Carl Sagan bilim adamı olmayanlara önemli bilimsel kavramları açıkladı
Eratosthenes iki bin yıldan fazla bir süre önce yalnızca Dünya’nın yuvarlak olduğunu kanıtlamakla kalmadı, aynı zamanda matematiksel olarak çevresini tam olarak belirledi.
Şaşırtıcı bir şekilde, antik Yunan matematikçisinin bu şaşırtıcı keşfi yapmasına yardımcı olacak bir sopadan, beyninden ve Sagan’ın “deney zevki” olarak adlandırdığı şeyden başka pek bir şeyi yoktu.
MÖ 276’da, şimdiki Libya’da yer alan antik bir Yunan kolonisi olan Cyrene’de doğan Eratosthenes bir matematikçiydi; bu onun matematik, astronomi, müzik teorisi ve şiir de dahil olmak üzere birçok farklı konuda engin bilgiye sahip olduğu anlamına geliyordu.
Eratosthenes Dünyanın çevresini nasıl keşfetti?
Gözlemcilerin, Mısır’daki İskenderiye’nin güneyindeki bir kasaba olan Syene’de, yaz gündönümünde, güneşin tam tepede olduğu öğle vaktinde hiçbir dikey gölgenin oluşmadığını söylediğini duymak ilgisini çekti.
Yunan matematikçi bu nedenle doğal olarak durumun Syène’in birkaç yüz kilometre kuzeyindeki İskenderiye’de de geçerli olup olmadığını merak etti. Eğer durum böyle olmasaydı, bu, Dünya’nın gerçekten de kavisli bir yüzeye sahip olduğu anlamına gelirdi.
Carl Sagan, serisinde kozmosu anlama öyküsüne bu keşfin inanılmaz öyküsünü anlatarak başladı. Sagan’a göre Eratosthenes nasıl olup da “aynı anda Syene’de hiç gölge bulunmadığını ve çok büyük bir gölgenin var olduğunu” merak ediyordu. [in] İskenderiye mi?
Sagan, konsepti karton bir harita kullanarak göstererek “Tek cevap, Dünya’nın yüzeyinin kavisli olduğudur” dedi ve daha sonra bunu katlayarak İskenderiye şehrinde sabitlediği bir pilonun belirgin gölgesini gösterdi. .
Gökbilimci, “Sadece bu da değil, eğrilik ne kadar büyükse, gölge uzunluğundaki fark da o kadar büyük olur” diye açıkladı.
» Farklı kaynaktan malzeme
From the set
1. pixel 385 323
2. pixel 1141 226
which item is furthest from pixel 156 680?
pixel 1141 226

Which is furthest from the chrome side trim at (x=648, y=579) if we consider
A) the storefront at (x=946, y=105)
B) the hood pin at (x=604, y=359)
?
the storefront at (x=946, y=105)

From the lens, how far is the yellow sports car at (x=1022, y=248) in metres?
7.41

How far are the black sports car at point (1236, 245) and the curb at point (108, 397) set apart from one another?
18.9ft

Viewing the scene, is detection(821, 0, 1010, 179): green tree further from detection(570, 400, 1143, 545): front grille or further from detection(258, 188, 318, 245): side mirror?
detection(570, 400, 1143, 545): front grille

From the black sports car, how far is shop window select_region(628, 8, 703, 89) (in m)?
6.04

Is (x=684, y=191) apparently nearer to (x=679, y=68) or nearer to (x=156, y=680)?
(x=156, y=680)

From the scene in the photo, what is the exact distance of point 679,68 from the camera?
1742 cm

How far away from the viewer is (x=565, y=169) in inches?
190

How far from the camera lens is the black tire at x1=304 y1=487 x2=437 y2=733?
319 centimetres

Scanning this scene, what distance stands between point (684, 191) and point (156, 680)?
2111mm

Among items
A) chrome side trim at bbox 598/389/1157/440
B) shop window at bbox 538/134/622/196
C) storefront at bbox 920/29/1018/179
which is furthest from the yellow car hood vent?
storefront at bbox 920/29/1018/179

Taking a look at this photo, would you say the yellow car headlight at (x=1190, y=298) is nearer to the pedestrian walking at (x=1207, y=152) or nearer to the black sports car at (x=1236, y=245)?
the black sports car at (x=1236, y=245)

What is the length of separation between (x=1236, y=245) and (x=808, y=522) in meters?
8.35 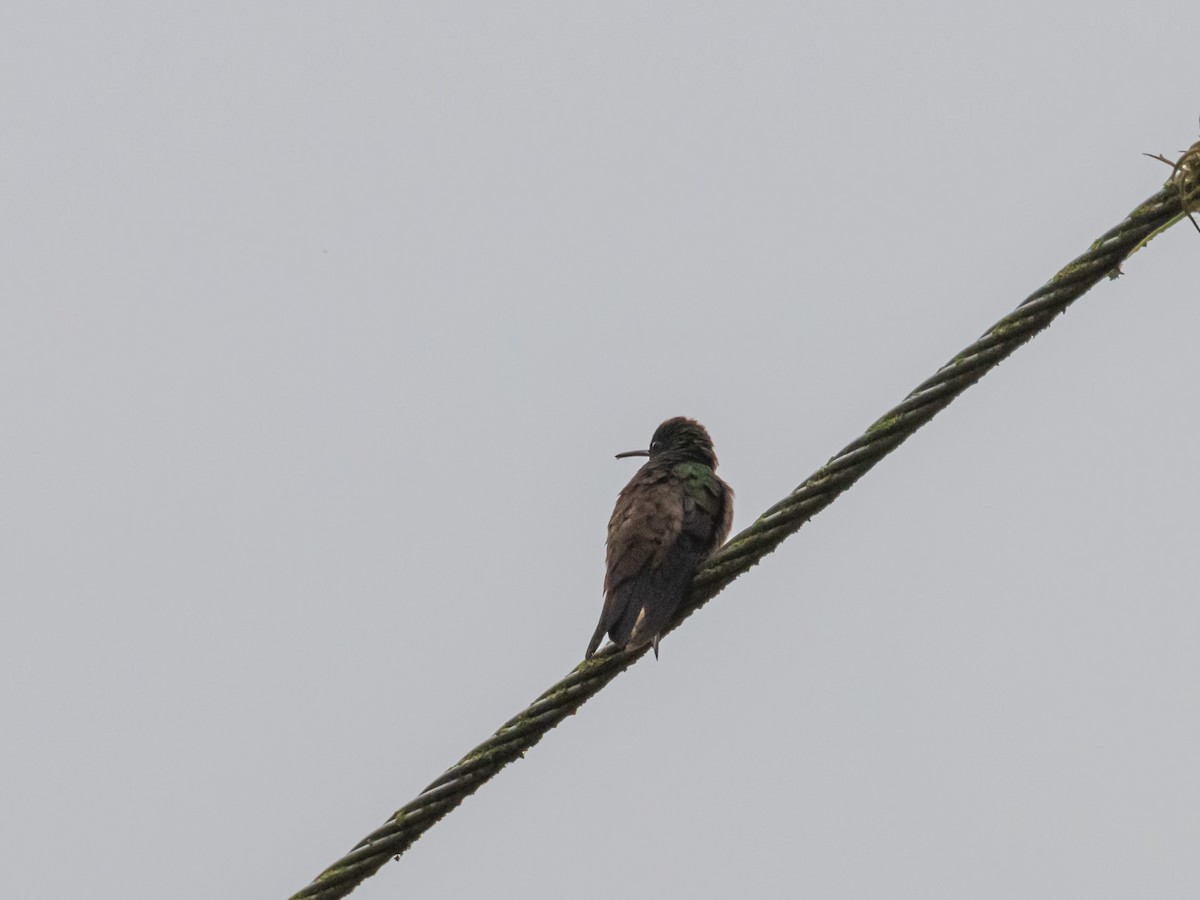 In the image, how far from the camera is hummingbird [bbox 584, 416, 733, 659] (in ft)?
18.7

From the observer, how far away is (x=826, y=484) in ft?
13.4

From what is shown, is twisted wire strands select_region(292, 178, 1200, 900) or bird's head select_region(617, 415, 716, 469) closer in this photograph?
twisted wire strands select_region(292, 178, 1200, 900)

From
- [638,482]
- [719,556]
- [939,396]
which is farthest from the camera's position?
[638,482]

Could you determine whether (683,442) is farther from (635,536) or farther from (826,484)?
(826,484)

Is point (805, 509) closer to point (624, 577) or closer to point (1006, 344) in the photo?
point (1006, 344)

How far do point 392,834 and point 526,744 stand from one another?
43 cm

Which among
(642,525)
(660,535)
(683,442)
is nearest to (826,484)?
(660,535)

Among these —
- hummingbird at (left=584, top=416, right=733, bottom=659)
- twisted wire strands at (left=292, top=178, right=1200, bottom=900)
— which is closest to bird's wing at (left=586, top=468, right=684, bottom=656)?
hummingbird at (left=584, top=416, right=733, bottom=659)

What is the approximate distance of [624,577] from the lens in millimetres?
6051

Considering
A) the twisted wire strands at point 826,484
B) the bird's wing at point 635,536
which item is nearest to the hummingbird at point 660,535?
the bird's wing at point 635,536

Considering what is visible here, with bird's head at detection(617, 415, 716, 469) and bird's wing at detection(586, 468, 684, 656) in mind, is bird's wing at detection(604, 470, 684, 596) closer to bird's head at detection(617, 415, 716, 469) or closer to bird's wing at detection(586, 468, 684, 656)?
bird's wing at detection(586, 468, 684, 656)

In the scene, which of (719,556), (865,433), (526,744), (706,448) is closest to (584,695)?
(526,744)

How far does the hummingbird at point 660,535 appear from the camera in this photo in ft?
18.7

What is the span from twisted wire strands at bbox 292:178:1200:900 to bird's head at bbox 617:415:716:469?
3.08 m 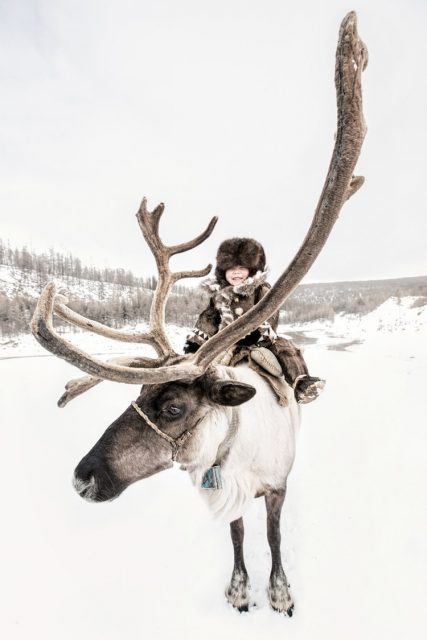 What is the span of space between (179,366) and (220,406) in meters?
0.40

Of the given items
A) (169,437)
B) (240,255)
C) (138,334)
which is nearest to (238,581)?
(169,437)

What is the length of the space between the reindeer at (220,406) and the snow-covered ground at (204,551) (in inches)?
11.9

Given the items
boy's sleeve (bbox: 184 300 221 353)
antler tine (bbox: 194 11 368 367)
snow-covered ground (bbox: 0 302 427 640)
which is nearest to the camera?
antler tine (bbox: 194 11 368 367)

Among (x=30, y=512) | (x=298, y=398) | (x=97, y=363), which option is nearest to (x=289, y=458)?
(x=298, y=398)

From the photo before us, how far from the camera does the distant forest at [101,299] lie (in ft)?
94.1

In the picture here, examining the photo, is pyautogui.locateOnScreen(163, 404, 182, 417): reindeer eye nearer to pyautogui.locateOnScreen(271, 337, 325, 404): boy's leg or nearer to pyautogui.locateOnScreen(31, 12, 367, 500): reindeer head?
pyautogui.locateOnScreen(31, 12, 367, 500): reindeer head

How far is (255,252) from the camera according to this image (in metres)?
2.80

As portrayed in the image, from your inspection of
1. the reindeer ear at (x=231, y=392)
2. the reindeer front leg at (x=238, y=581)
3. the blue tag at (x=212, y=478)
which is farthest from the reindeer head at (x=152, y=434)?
the reindeer front leg at (x=238, y=581)

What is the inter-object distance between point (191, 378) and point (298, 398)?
0.94m

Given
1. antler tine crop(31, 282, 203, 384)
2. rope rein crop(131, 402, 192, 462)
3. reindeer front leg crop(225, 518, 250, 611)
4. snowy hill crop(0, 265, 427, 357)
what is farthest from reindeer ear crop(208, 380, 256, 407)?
snowy hill crop(0, 265, 427, 357)

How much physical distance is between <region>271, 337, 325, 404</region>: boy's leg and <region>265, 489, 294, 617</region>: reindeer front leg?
2.50 ft

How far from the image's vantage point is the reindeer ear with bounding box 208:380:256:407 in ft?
5.22

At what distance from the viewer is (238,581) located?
2.20m

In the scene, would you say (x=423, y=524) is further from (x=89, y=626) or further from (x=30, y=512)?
(x=30, y=512) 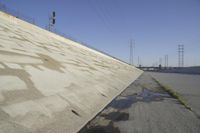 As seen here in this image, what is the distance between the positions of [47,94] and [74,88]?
2333 millimetres

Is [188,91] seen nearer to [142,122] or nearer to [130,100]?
[130,100]

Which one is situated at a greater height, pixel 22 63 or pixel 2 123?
pixel 22 63

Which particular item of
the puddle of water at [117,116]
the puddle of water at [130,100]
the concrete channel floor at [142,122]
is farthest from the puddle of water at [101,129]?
the puddle of water at [130,100]

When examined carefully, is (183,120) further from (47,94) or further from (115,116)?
(47,94)

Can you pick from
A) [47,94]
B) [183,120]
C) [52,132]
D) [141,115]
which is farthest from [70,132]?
[183,120]

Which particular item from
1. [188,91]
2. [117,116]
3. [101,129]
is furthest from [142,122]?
[188,91]

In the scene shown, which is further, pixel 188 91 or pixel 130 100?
pixel 188 91

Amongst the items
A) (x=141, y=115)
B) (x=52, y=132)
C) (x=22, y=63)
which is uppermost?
(x=22, y=63)

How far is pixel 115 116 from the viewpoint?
768cm

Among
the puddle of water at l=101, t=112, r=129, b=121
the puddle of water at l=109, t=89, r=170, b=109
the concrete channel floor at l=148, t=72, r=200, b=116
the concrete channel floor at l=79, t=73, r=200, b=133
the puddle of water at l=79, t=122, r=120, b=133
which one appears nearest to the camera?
the puddle of water at l=79, t=122, r=120, b=133

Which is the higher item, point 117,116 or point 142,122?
point 142,122

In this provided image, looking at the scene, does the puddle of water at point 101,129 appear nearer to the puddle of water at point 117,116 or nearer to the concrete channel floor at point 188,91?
the puddle of water at point 117,116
Sagan, “Güneş o kadar uzakta ki ışınları Dünya’ya ulaştığında paraleldir” dedi. “Güneş ışınlarına farklı açılarla yerleştirilen çubuklar, farklı uzunluklarda gölgeler oluşturacaktır. Gölge uzunluklarında gözlemlenen fark (İskenderiye ile Syene arasındaki mesafe) dünya yüzeyinde yaklaşık yedi derece olmalıdır.
Eratosthenes bu teoriyi test etmek için MÖ 21 Haziran 240’ta bir deney yapmaya karar verdi. M.Ö. yıllarında İskenderiye’ye gitmiş, doğrudan yere bir sopa saplamış ve öğle vakti gölge düşecek mi diye beklemiş.
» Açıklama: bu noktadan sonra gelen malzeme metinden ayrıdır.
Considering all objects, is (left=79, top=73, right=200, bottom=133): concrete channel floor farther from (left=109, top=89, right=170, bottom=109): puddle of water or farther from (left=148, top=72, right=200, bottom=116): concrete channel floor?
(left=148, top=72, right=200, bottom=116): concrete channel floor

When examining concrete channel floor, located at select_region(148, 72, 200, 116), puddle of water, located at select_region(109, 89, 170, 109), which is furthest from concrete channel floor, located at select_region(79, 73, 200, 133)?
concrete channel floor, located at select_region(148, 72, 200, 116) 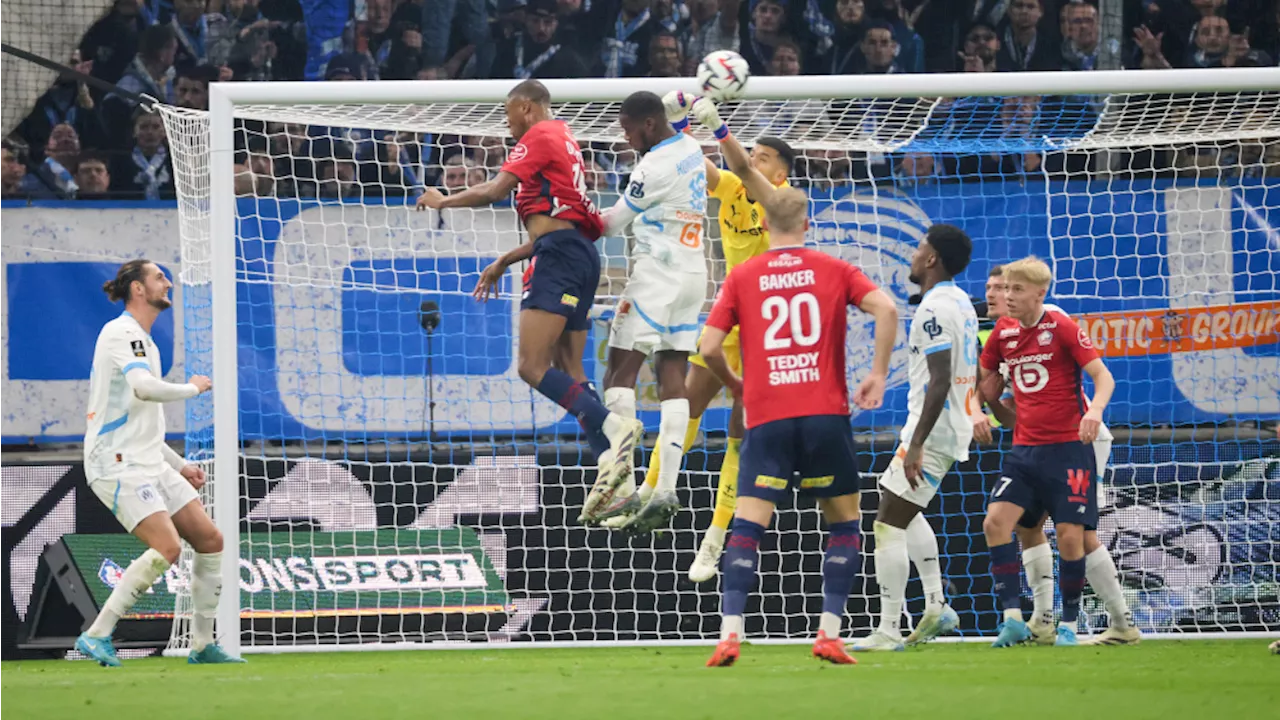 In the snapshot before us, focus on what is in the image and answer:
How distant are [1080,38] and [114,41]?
27.4 feet

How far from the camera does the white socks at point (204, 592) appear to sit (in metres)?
8.64

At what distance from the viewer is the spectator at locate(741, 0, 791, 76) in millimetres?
14156

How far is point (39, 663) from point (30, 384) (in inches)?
77.6

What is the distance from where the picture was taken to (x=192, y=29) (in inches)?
549

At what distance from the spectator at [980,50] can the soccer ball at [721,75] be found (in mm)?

Aslında bir tane olduğu ortaya çıktı ve o da bunu ölçtü. Gölge dağılımı yaklaşık yedi dereceydi; yani gölgenin her iki ucuna yerleştirilen çubuklar Dünya’nın merkezine doğru devam etselerdi yedi derecelik bir açıyla buluşurlardı.
Bu deneyi yaptıktan sonra Eratosthenes çok mantıklı bir sonuca vardı. Güneş ışınları günün aynı saatinde aynı açıyla geliyorsa ve İskenderiye’deki bir çubuğun yedi derecelik gölgesi varsa ve Syene’deki çubuğun hiç gölgesi yoksa, bu, Dünya yüzeyinin aslında kavisli olduğu anlamına gelmelidir.
Küresel bir Dünya fikri, MÖ 500 civarında Pisagor tarafından zaten biliniyordu ve birkaç yüzyıl sonra Aristoteles tarafından doğrulandı.
Ancak Eratosthenes bu kavramı bir adım daha ileri götürerek, eğer kendisinden önceki eski Yunanlılar haklıysa ve Dünya küre ise, gözlemlerini gezegenimizin çevresini hesaplamak için kullanabileceğini düşünüyordu.
Syene ile İskenderiye arasındaki mesafeyi kat etmesi için bir adam tuttuktan sonra, iki şehrin birbirinden beş bin stadia veya yaklaşık sekiz yüz kilometre (497,09 mil) uzakta olduğunu keşfetti.
Daha sonra Dünya’nın çevresini belirlemek için basit orantıları kullanabilirdi: 7,2 derece, 360 derecenin 1/50’sidir, yani sekiz yüz çarpı elli, kırk bin kilometreye (24.854,84 mil) eşittir.
İşte böyle, iki bin yıl önce bir antik Yunan, en temel araçlarla ve müthiş mantığıyla tüm gezegenimizin çevresini doğru bir şekilde hesaplamıştı.
Sagan, “Eratosthenes’in elindeki tek araç sopalar, gözler, ayaklar ve beyindi ve deney zevkiydi. Bu araçlarla, Dünya’nın çevresini yalnızca yüzde birkaç hatayla, büyük bir hassasiyetle, doğru bir şekilde çıkardı. Bu, 2200 yıl öncesine göre oldukça iyi bir rakam.